@QaaliHussein1
There needs to be a new term for severe covid pneumonia. Pneumonia just feels to mild for this. Bless y’all with every hole you fix and lung you reinflate. Cannot thank the docs and nurses etc enough for putting up with this crap for nearly 2 years now.
@QaaliHussein1
I seem to remember
@BrendonStilesMD
doing a tonne first time around? Have y'all changed ventilation strategies or do you think it's intrinsic to the pathophysiology of COVID?
@QaaliHussein1
yes. 1 tube isn't enough. Then there is more suction, 2nd tube, BL tubes and then the code (only seen 1 COVID chest tube pt make it out)
@KJPBurns
We saw this complication in previous waves too.
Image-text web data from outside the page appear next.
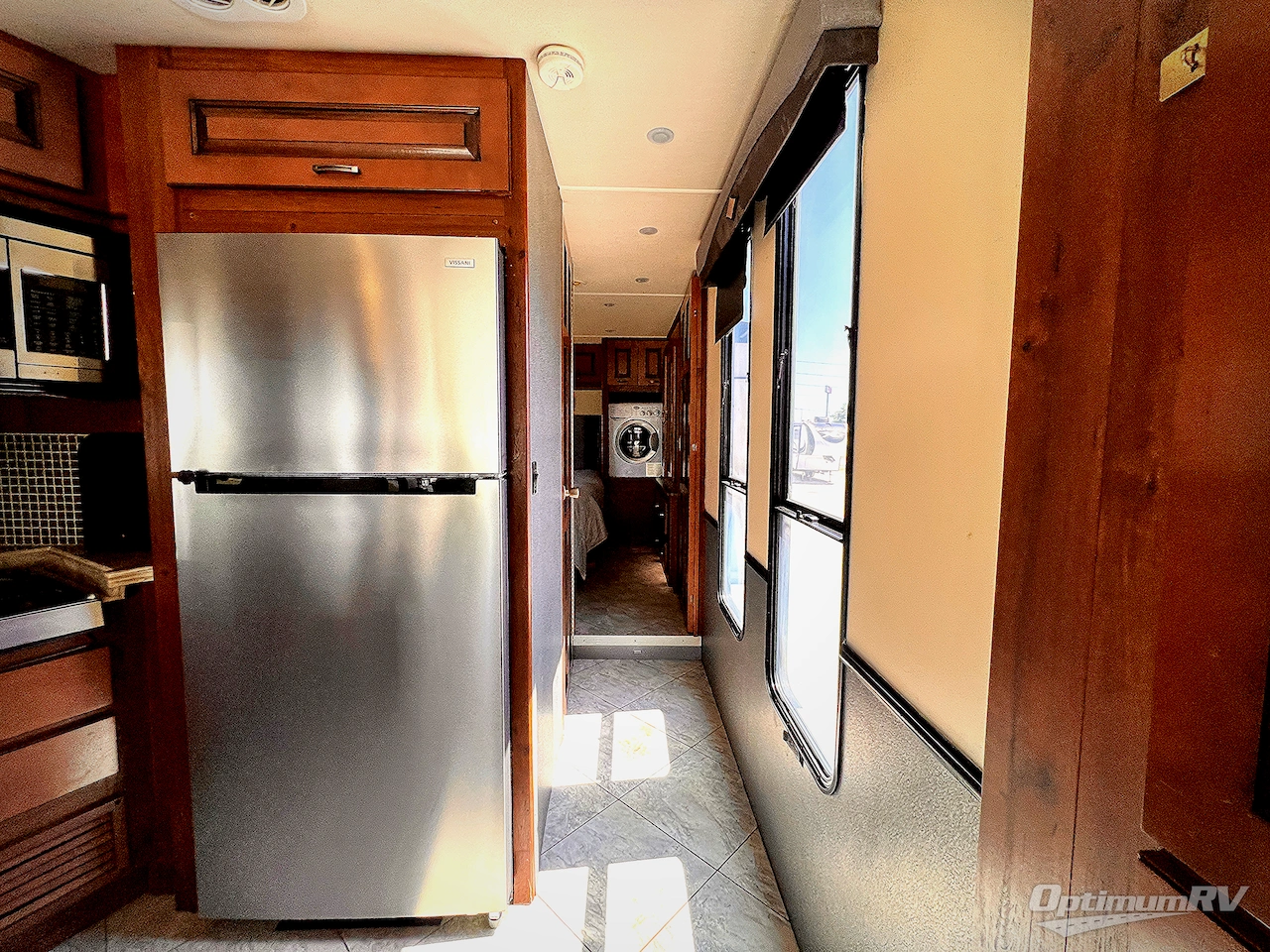 2014 Fleetwood Excursion 35B Photo 14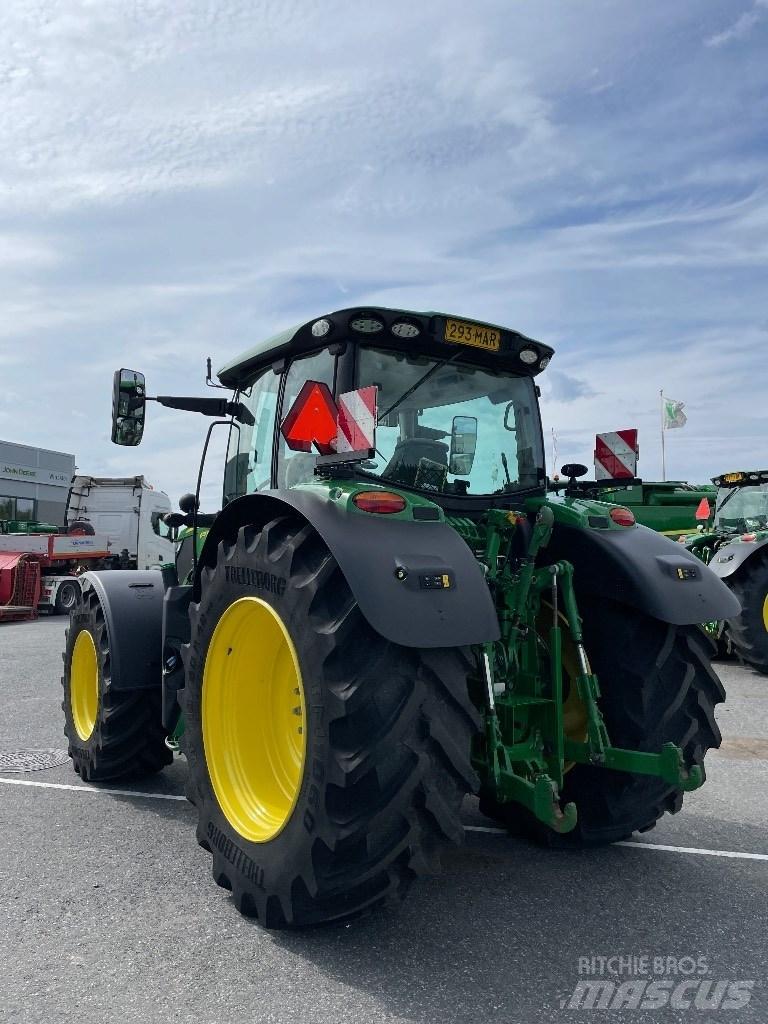 John Deere 6155R Traktoren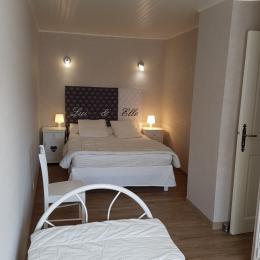 Chambre avec 2 lits (1=140 et 1=90) - Location de vacances - Pollionnay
I just haven’t seen it this bad before with patients getting pneumos spontaneously, before getting on vents, and requiring multiple chest tubes.
@QaaliHussein1
Absolutely.
Loads of pneumothorax and pneumomediastinum during the second
#DeltaVariant
wave in India.
Interestingly these were not just restricted to invasive mechanical ventilation with high supports, but also those on non-invasive ventilation and even among non-ventillated.
@QaaliHussein1
@Cleavon_MD
My entire family has Covid. We are all vaccinated other than my 5 yo grandson. Despite masks, hand washing, and vaccinations we are all very ill except my grandson. He was the asymptomatic carrier.
@QaaliHussein1
Also seeing more active fibrosis/organizing pneumonia with severe traction bronchiectasis in the 4-6 wk post intubation range. Also more PE. What a brutal disease.
@QaaliHussein1
We started seeing this in our third wave. Like others have said, usually they end up needing more than one. I can think of two patients who ended of having 5 CT’s at one point and then they start hemorrhaging into them. It’s an awful sight to see.